In Donezk und Moskau kursieren besonders radikale Vermutungen zum Flug MH 17. Die Passagiere seien bereits tot in Amsterdam ins Flugzeug gesetzt worden, erklärte der Separatistenführer Igor Girkin. Präsident Vladimir Putin, auf dem Rückflug von der Südamerika-Konferenz, sei das wahre Abschussziel der Ukrainer gewesen, behauptete das staatlich kontrollierte russische Fernsehen.

Beides erscheint absurd. Warum hätte man die Passagiere vorher töten sollen? Der Zustand der Leichen ist wohl eher auf den Druckabfall, den Aufschlag und die Hitze zurückzuführen. Und eine derart spektakuläre Ermordung Putins gäbe ebenfalls keinen Sinn.
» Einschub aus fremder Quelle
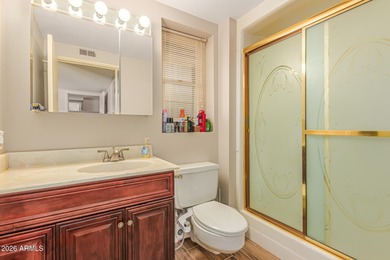 Effortless living in the heart of Sun City. This truly move-in on Union Hills Country Club in Arizona - for sale on GolfHomes.com, golf home, golf lot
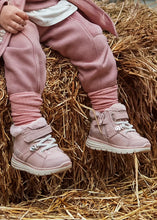 Load image into Gallery viewer, Baby Faux Fur Lined Boots
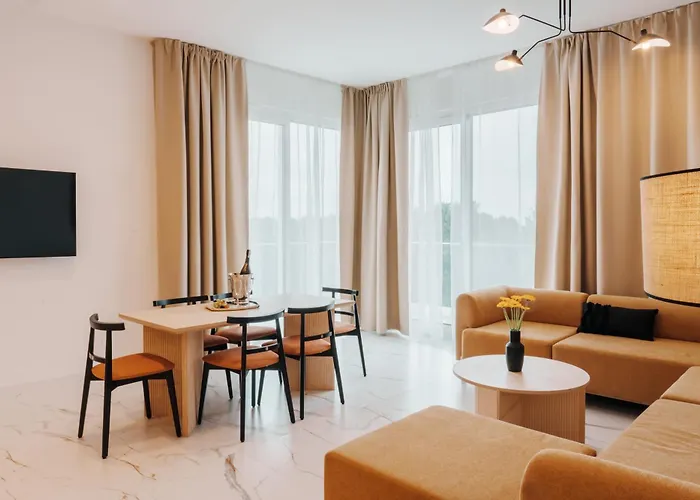 Arche Fabryka Samolotów W Mielnie Apart-hotel 3*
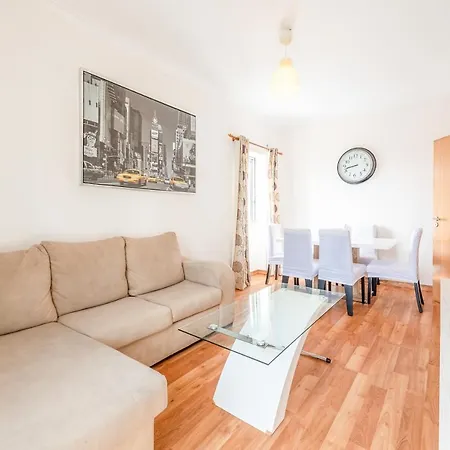 Guestready - Sophisticated Apt In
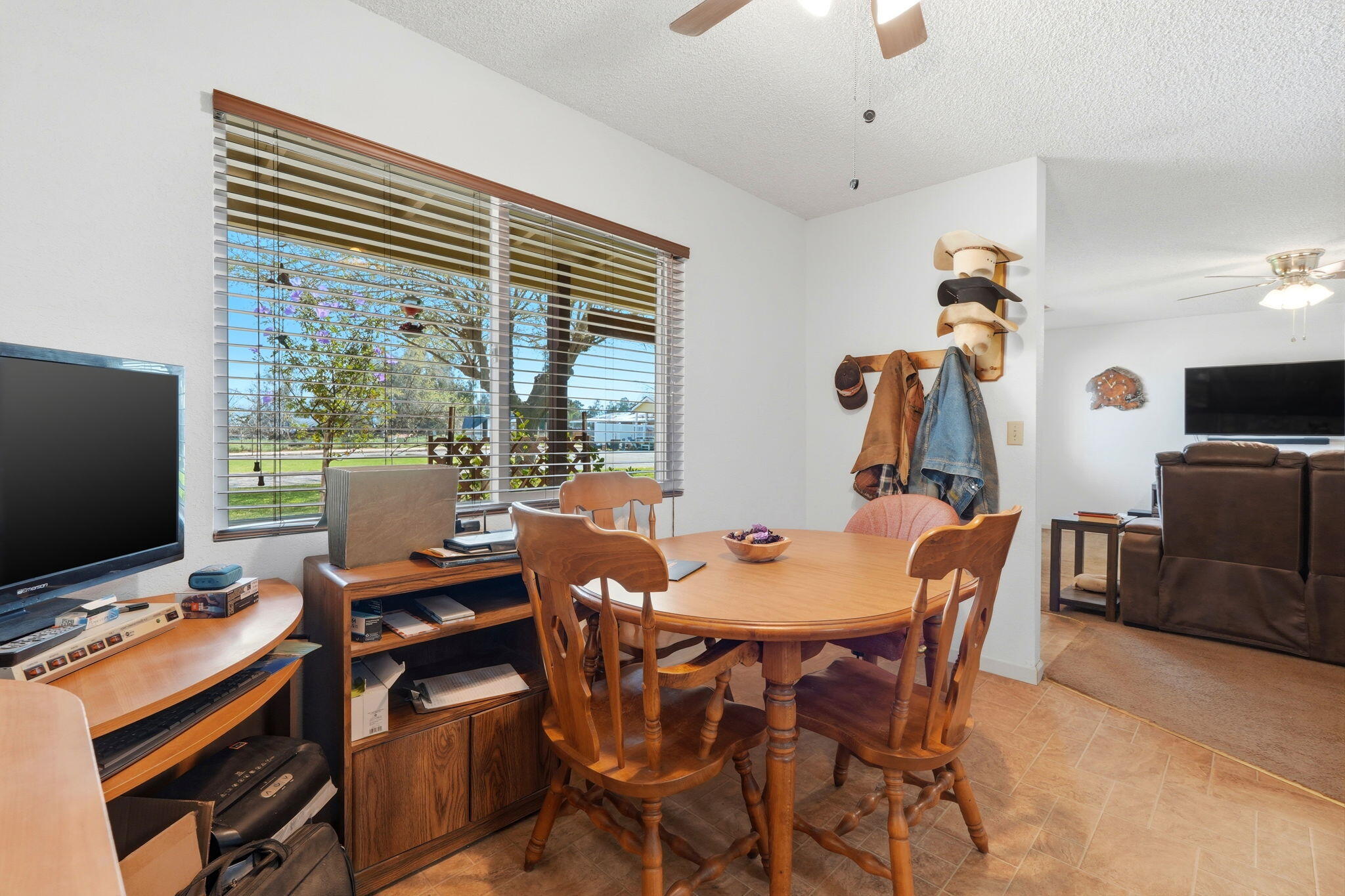 24141 Ave 120, Porterville, CA 93257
Zudem flog Putins Regierungsmaschine wohl leicht zeitversetzt eine etwas andere Route.

Theorie 6: Es wird etwas vertuscht

Die Ost-Ukraine ist mutmaßlich zurzeit das am aufmerksamsten beobachtete Gebiet der Welt. Warum veröffentlicht die Nato nicht die Erkenntnisse, die die Radarbeobachter an Bord der Awacs-Aufklärer besitzen? Warum zeigen die Amerikaner keine Satellitenbilder?

Die Geheimhaltung eigener Aufklärungsfähigkeiten mag eine Rolle spielen. Die Datenauswertung, auch die des Flugschreibers, braucht allerdings schlicht Zeit. Die Blackbox könnte einen abrupten totalen Kontrollverlust über den Jet aufgezeichnet haben. Enthält sie einen intakten Voice-Recorder, ist vielleicht eine Explosion zu hören. Und die Awacs-Jets haben möglicherweise registriert, dass sich andere Flugzeuge der Boeing näherten. Die Obduktion der Toten in den Niederlanden könnte zudem Splitterwunden nachweisen. Diese Erkenntnisse werden zwar den Täterkreis einengen, die Schuldigen aber wohl nicht entlarven.